### Aim of the exercise
The reply to the records below should contain exactly the lines from the line with "With the normal" through the line with "In the next", and nothing besides.

### Information shown

___

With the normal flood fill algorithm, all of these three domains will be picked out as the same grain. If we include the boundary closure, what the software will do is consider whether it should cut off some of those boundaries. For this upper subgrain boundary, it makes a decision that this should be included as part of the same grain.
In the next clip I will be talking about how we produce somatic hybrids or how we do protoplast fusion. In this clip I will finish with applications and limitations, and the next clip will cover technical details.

___

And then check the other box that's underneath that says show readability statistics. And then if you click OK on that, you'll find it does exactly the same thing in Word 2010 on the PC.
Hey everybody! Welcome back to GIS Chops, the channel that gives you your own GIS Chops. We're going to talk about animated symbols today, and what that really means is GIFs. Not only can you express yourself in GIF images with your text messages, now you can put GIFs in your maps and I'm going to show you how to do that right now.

___

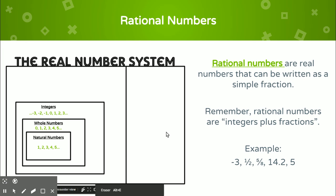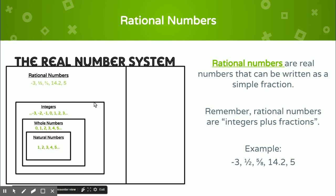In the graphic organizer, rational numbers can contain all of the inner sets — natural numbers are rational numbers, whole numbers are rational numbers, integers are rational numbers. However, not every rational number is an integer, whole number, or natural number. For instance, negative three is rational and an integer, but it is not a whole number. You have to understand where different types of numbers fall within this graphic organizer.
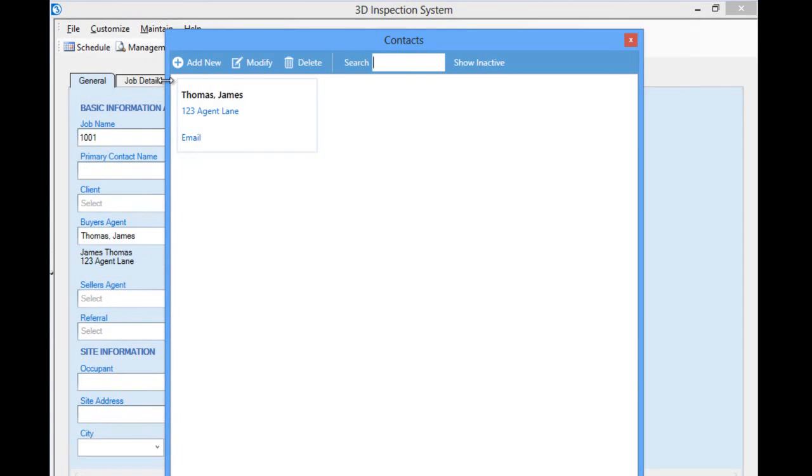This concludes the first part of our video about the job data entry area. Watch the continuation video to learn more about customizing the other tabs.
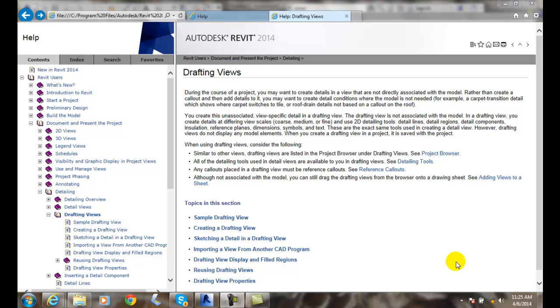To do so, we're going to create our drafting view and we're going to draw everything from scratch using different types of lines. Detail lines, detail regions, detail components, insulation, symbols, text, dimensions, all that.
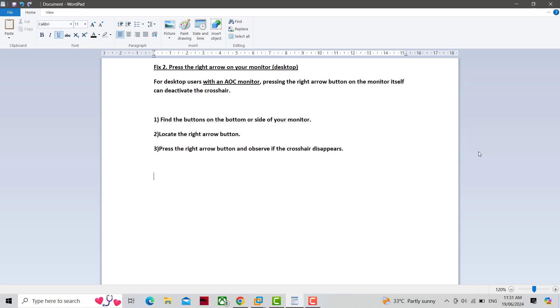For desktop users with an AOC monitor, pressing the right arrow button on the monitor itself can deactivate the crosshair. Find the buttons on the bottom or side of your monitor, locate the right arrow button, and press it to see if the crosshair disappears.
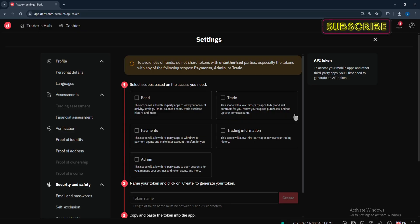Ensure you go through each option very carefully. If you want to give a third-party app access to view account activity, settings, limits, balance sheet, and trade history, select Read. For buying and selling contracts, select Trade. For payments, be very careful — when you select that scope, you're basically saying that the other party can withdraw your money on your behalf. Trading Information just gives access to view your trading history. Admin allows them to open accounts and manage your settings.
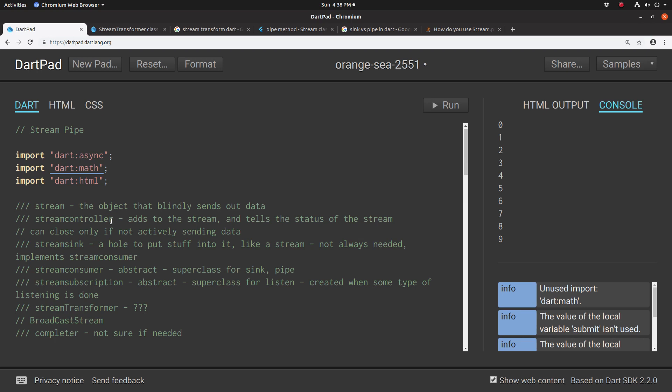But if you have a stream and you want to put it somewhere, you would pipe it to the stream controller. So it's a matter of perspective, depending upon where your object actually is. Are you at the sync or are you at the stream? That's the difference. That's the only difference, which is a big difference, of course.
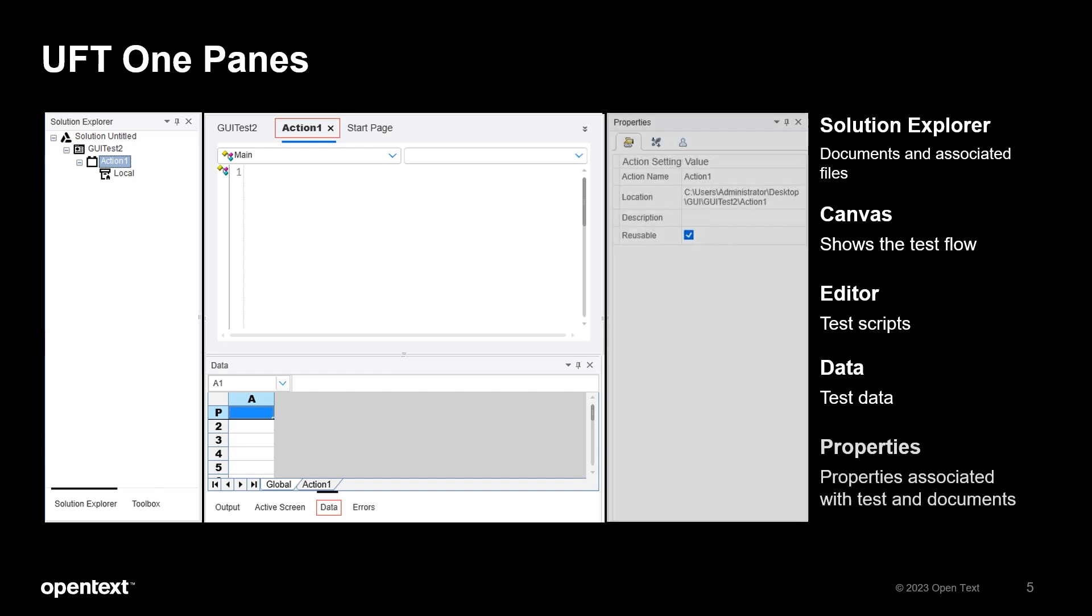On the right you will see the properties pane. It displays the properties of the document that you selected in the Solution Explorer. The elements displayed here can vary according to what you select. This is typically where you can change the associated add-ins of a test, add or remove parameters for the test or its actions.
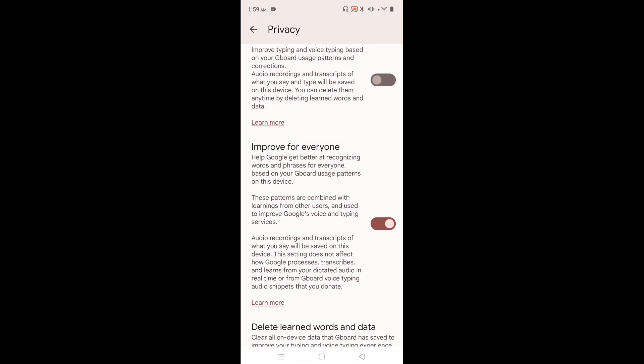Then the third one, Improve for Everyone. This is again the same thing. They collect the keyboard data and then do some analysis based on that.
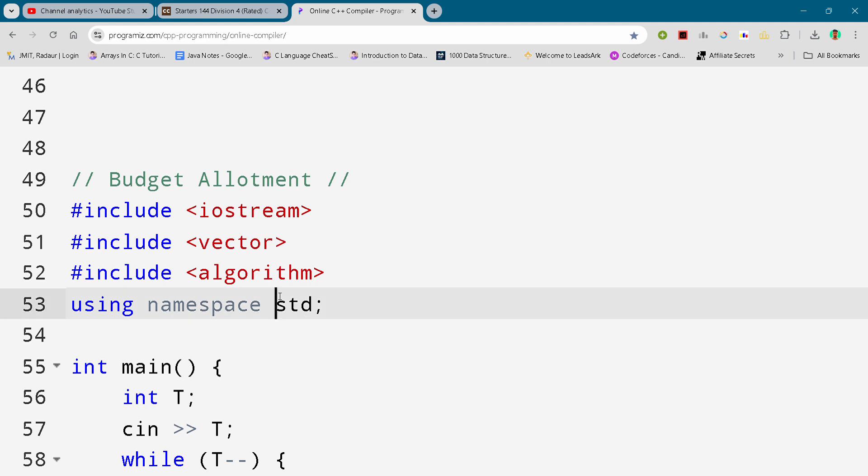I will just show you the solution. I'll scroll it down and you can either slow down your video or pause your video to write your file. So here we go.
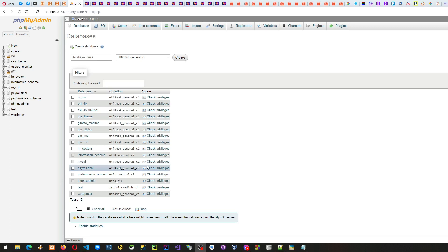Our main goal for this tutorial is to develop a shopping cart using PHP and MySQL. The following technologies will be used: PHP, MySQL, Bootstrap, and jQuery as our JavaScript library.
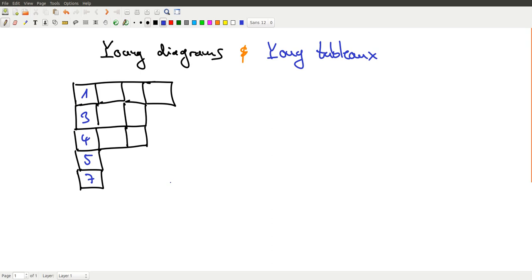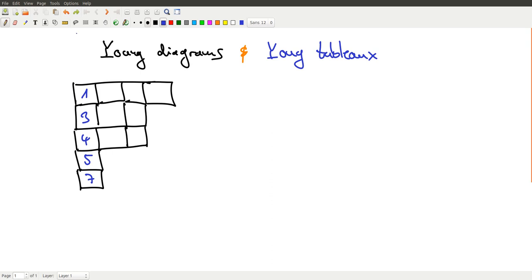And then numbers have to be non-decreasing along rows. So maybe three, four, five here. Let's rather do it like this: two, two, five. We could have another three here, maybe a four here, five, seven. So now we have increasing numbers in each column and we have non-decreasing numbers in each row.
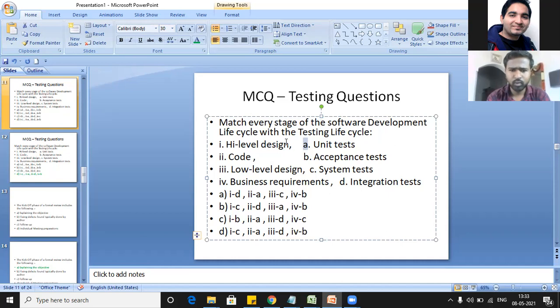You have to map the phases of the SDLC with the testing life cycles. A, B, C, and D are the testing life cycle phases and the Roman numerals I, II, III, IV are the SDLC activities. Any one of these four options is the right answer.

___

### Answer box
With the normal flood fill algorithm, all of these three domains will be picked out as the same grain. If we include the boundary closure, what the software will do is consider whether it should cut off some of those boundaries. For this upper subgrain boundary, it makes a decision that this should be included as part of the same grain.
In the next clip I will be talking about how we produce somatic hybrids or how we do protoplast fusion. In this clip I will finish with applications and limitations, and the next clip will cover technical details.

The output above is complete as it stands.